I’m at the point in my life where “friend with benefits” just means a person who gives me their Bed Bath & Beyond coupons.
The check engine light came on inside my oven.
Not to brag, but I can unhook a bra using just a bent paper clip, some WD-40, and my reading glasses.
(during sex)
Don’t move! Don’t move! A pickle and the second of my two all-beef patties is stuck in your hair.
Me: Damn. Another gray hair. *plucks it*
Old man standing next to me: Ouch!
Me, to my cat: You are amazing, I adore you, I understand your time on earth is short and one day I will regret not spending as much of it as possible with you, but…. can you please leave me alone for, like, 5 minutes???
The 4 stages after getting dumped…
1) Waiting cuz u thinks it’s temporary.
2) Throwing in the towel.
3) Getting a cat.
4) Revenge.
As I walk through the valley of the shadow of death I say unto myself I SHALL NEVER… USE APPLE MAPS AGAIN…

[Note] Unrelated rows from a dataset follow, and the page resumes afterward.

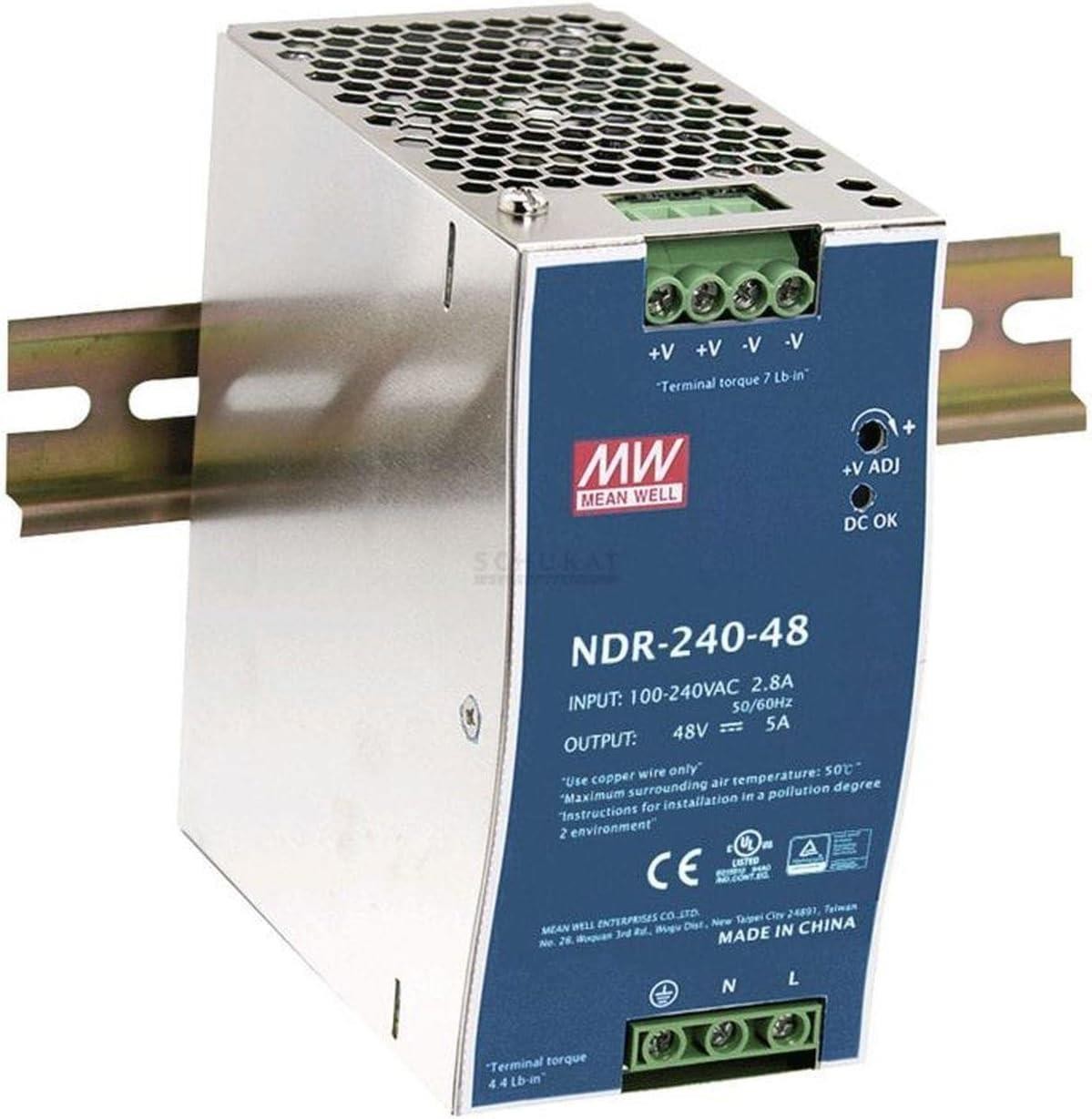 Alimentation Mean Well NDR-240-48 transformateur 48V 5A rail DIN rail TS35
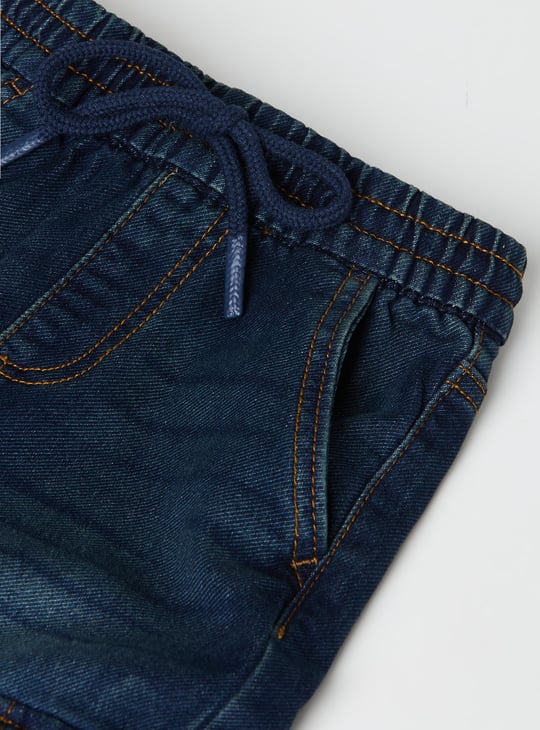 Boys Washed Cargo Denim Joggers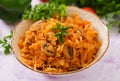 Braised stewed cabbage with mushrooms Royalty Free Stock Photo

Remember, you CAN have your cake and eat it too.
In fact, you can’t even eat a cake you don’t have.
Person: “I can’t believe I’ve been sitting for two hours.”
Me [from my wheelchair]: “Amateur.”
Bewitched was my favorite show about a woman who had a magical power & couldn’t use it because she got married.
RELATIONSHIPS: Because sometimes destroying your life is a two person job
If you can’t handle me getting arrested in my pajama pants at Walmart than you don’t deserve me buying produce in my yoga pants at Target.
(watching The Exorcist) She gets to miss so much school
I think it’s blowing a gale, my friends there can’t see a thing 😀
“Sleep when you’re dead”… well this weekend consider me the dearly departed.
Her: there’s something different about you
Me, slowly transitioning into a werewolf: HOWOOOOOOOOO do you mean?